Le premier modèle Tekno est une réussite. Les formes sont bien rendues. Les amateurs ont dû accueillir ce modèle avec plaisir, car au moment où il est sorti, aucun fabricant ne l’avait inscrit à son catalogue, horSikumis Siku, mais à l’échelle du 1/60.

Siku a d’ailleurs proposé un grand choix de Borgward, Hansa et autres Lloyd, marques du même consortium. Tekno ne se contentera pas de la berline, mais proposera également un break vitré et un break tôlé. Borgward avait l’habitude de produire beaucoup de versions différentes à partir d’une même base. A titre d’exemple, la Borgward Isabella que Dinky Toys a reproduit en coupé a également existé en berline, en cabriolet mais aussi en break vitré, break tôlé et en pick up !

Cette deuxième mouture de la Lloyd Tekno est excessivement rare. On peut dire que c’est même la Tekno la plus rare. Son histoire est obscure. Le premier ouvrage danois sur la firme Tekno qui date du milieu des années 80 ne mentionne pas ce modèle. Il faut attendre les années 90 (et le second ouvrage) pour que la littérature scandinave cite notre modèle. Malheureusement, le modèle photographié dans l’ouvrage est repeint et réparé et les auteurs, peu perspicaces, lui attribuent la même année de création que l’autre modèle ce qui n’est pas plausible.

En effet, la voiture réelle est de 1958 et il faut tenir compte des presque deux ans de gestation nécessaires à l’époque pour mettre au point l’outillage : le modèle ne peut donc être sorti avant 1960.

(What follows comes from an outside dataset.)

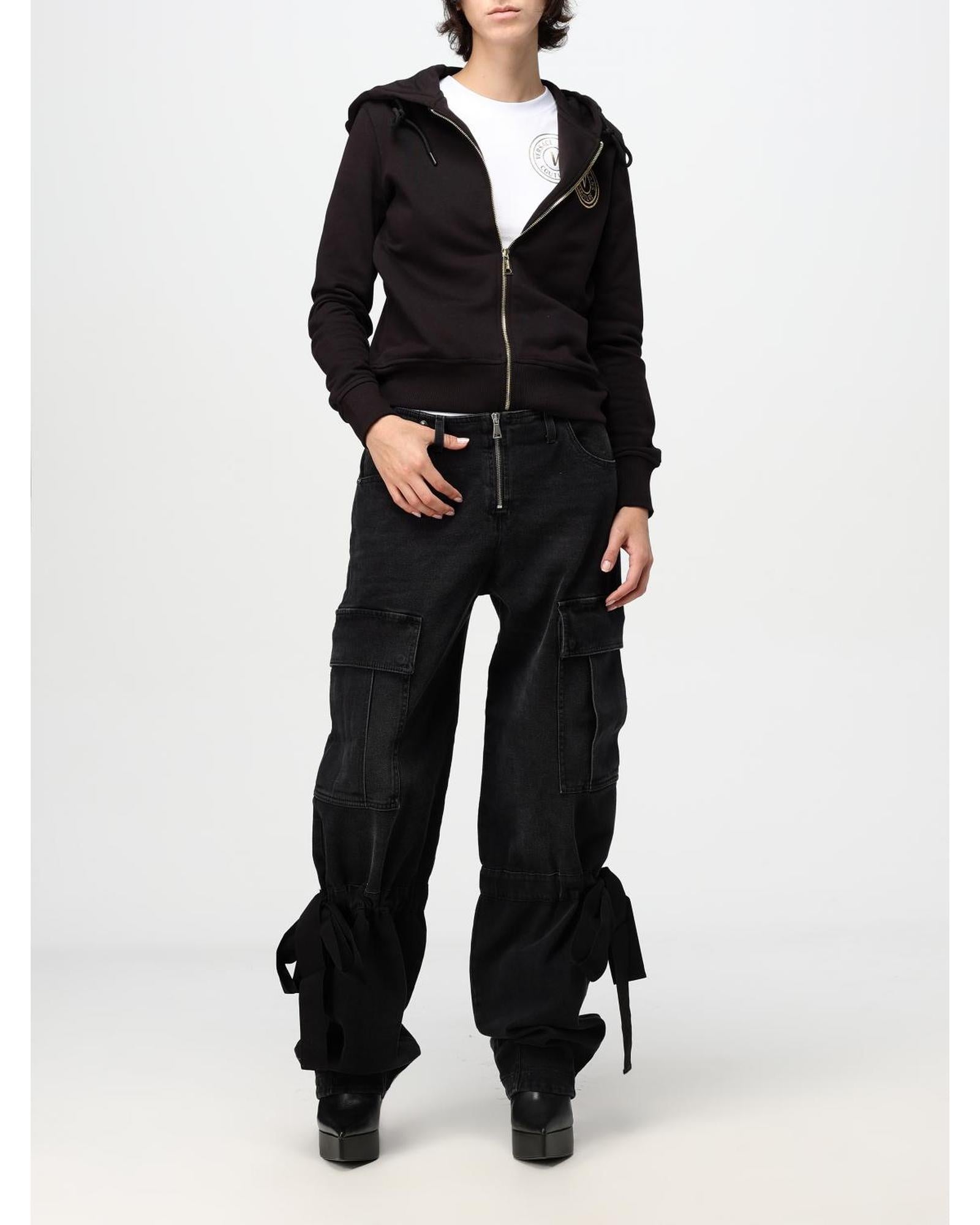 Versace Jeans Couture ZipUp Hoodie with Logo Women Black Sweatshirts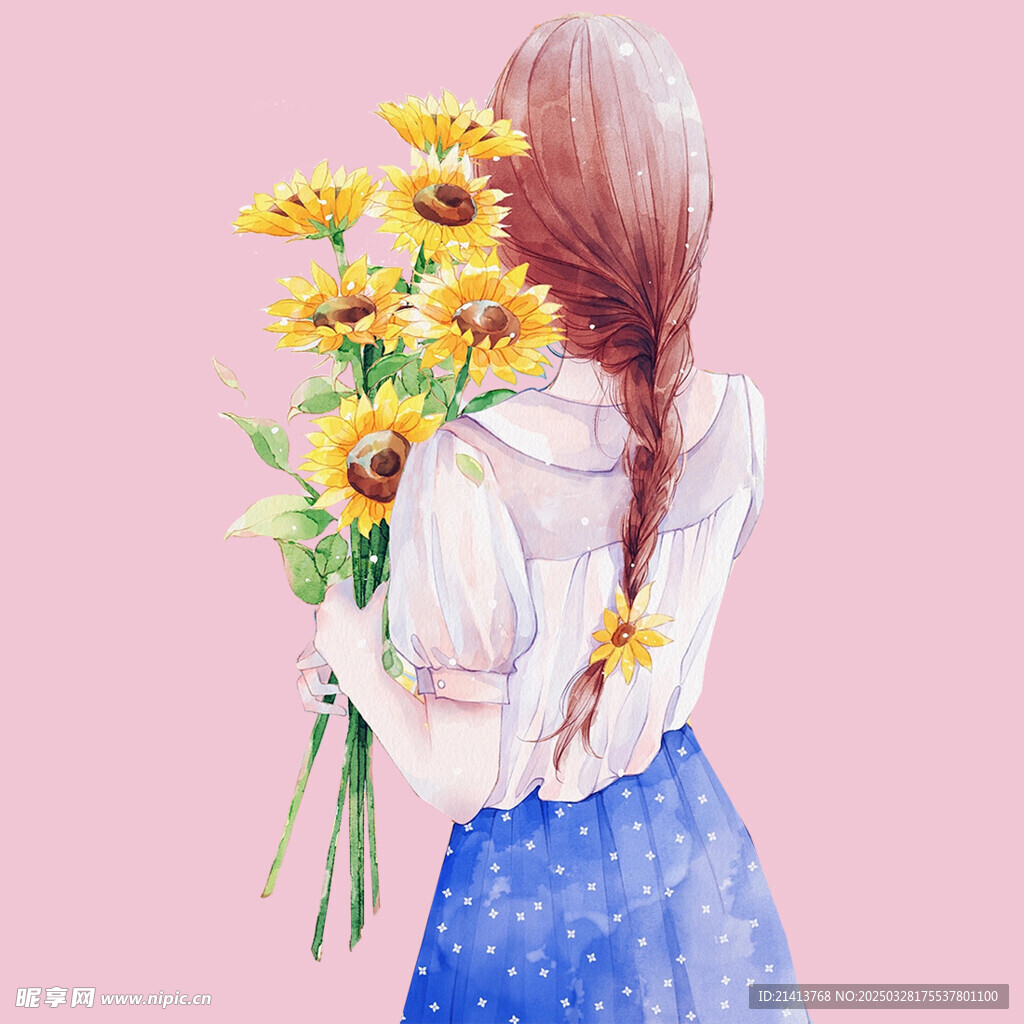 手繪鮮花女孩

Cette thèse est confortée par le rapide abandon de la production de cette miniature qui coïncide avec l’arrêt de la production de la vraie voiture dès 1961. Ce modèle repeint et réparé est longtemps resté le seul modèle connu jusqu’à ce que nous ayons la chance d’acquérir trois modèles auprès d’un vieux marchand danois qui en avait trouvé une dizaine neuves en boîte ! On constate que la boîte est identique à celle du modèle antérieur. Les couleurs retenues sont plus nombreuses que celles vues pour le premier moule et nous nous souvenons très bien que les autos de notre marchand étaient toutes différentes : il devait en avoir six ou sept. On peut légitimement penser que ces autos reprenaient les teintes du constructeur. Il est tentant d’y voir un modèle à usage promotionnel.

En effet, Tekno travaillait avec Lloyd et lui fournissait des autos destinées à être présentées sur des palettes distribuées dans les réseaux de revendeurs pour faciliter les choix des futurs acheteurs (voir la fiche sur Saab /Tekno). Les palettes connues sont toujours équipées de premiers modèles. Pour la petite histoire, comme le marchand danois ne parlait pas l‘anglais, et comme nous ne parlions pas le danois, les négociations ressemblèrent quelque peu à un spectacle du mime Marceau. Heureusement les chiffres sont universels…. et j’ai commencé mon apprentissage du danois !

En voyant ces autos je ne peux m’empêcher d’avoir une pensée pour la cordialité de ce marchand danois, mélange de rudesse et de bonne humeur. C’est un des charmes de la collection que ces rencontres éphémères et improbables.